I guess it’s a dad thing. I remember as I was a boy when our old dog died my dad had the job of burying her. Through the upstairs window I could see his shoulders heaving as he shoveled and wiped his eyes and wept and shoveled.

Now it’s my job is to do the digging. Always alone, no ceremonies; just me with a shovel and our former pet together in a quiet place in the woods. It’s a veritable cemetery there now – dogs, cats, mice, hamsters, birds, etc.. I’ve lost track of them all. So I have a lot of experience now.


Resting place.


This is the first time one of my burials did not take. Nature has steadily regained ground over the years. We have bats, foxes, owls, swifts, snakes, possums, skunks, deer, even signs of a bear, and all but the bear (thank goodness) live in or around the house. Surely there are other critters we don’t even know of. Kitty had been in the ground three weeks before something took enough interest to dig her up. Nature red in tooth and claw.
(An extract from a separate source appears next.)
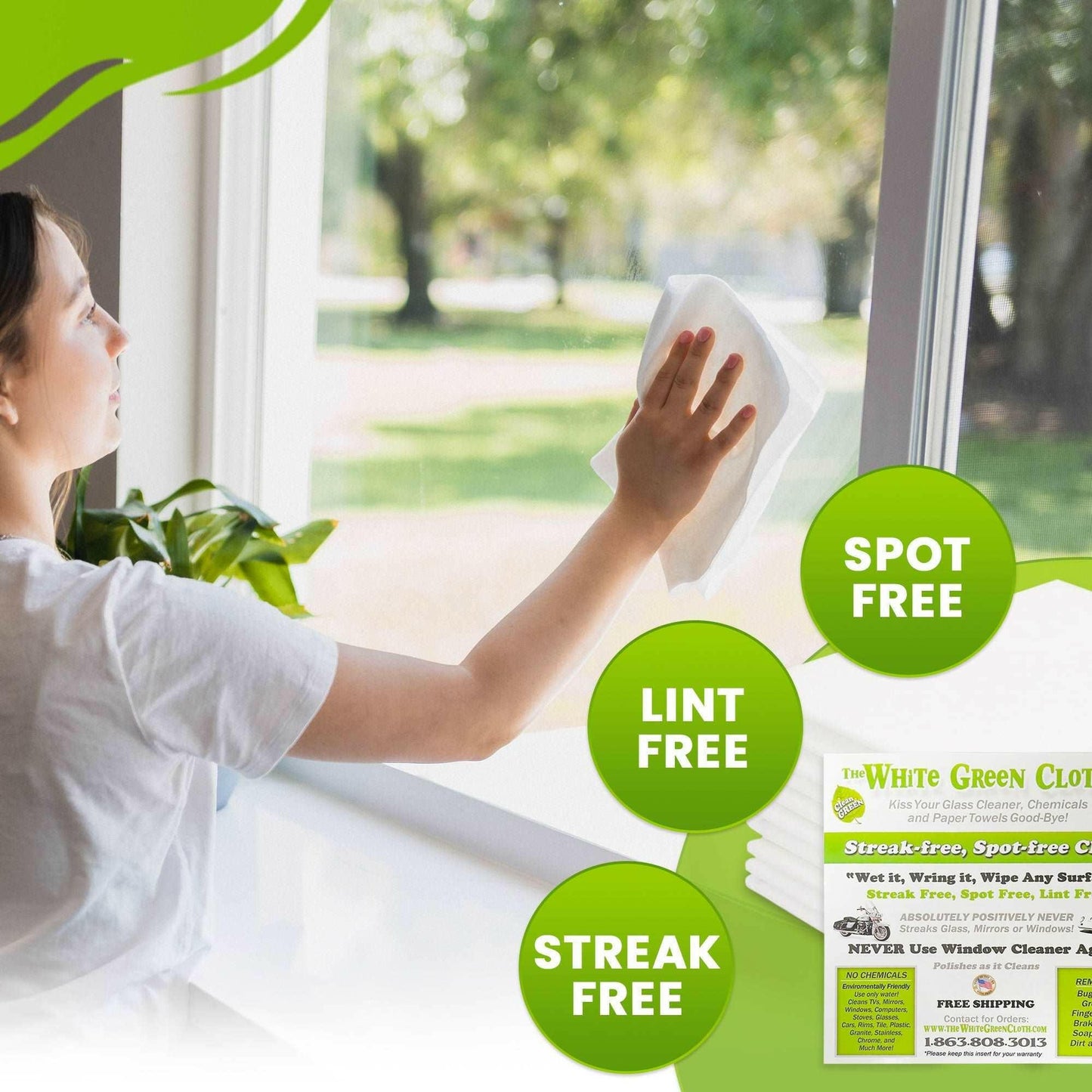 Woman using eco-friendly streak-free cleaning cloth on window to achieve spot-free shine.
So I spent the evening reburying the cat, and armoring her grave against marauders, instead of packing. Which means I am late leaving in the morning.




The sun is high by the time I cross the Chesapeake Bay Bridge Tunnel. It’s a clear day, and the view is beautiful. Up the Virginia end of the Eastern Shore, past Cape Charles, I hang a left down a nondescript country road. It runs along a ripe cotton field, the bolls stark white in the bright sun, then past soybeans where a combine is running, trailing a huge cloud of dust. Rows of chicken houses. The pavement gives out and the road turns to sand, winds past some nice frame farmhouses, then doglegs along the waterfront with marsh on both sides. 
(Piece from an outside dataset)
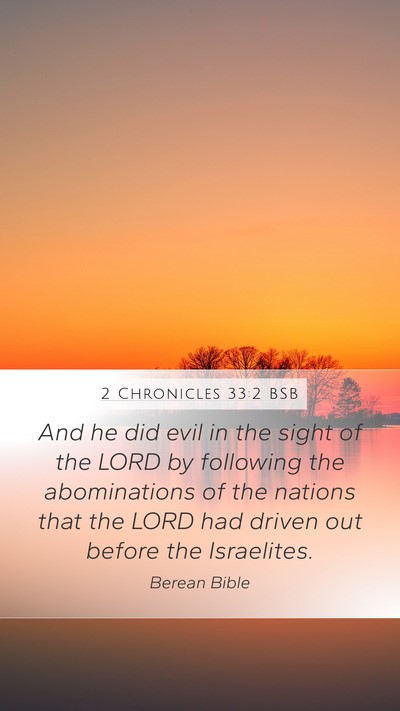 2 Chronicles 33:2 BSB Bible Verse Image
I’m looking for the Shooting Point Oyster Company, which is supposed to be down here somewhere. I promised to bring fresh oysters – a tradition at MASCF on the first night – and I knew this place was sort of on my way. I called the day before to see if I could pick some up – these small oyster farms only harvest on certain days, and normally only do wholesale. Tom answered the phone and said sure, come on down. At the bridge I called again to say I was running late. He was just heading out in the boat to for a load, but somebody would be there.










Along the water are a few old buildings and docks, and what I guess is Tom’s boat – there’s a lift mounted on the deck. The buildings are painted sky blue. The corner of one is labelled with the high water marks of several memorable storms. Some men are loading crabs into a refrigerator truck.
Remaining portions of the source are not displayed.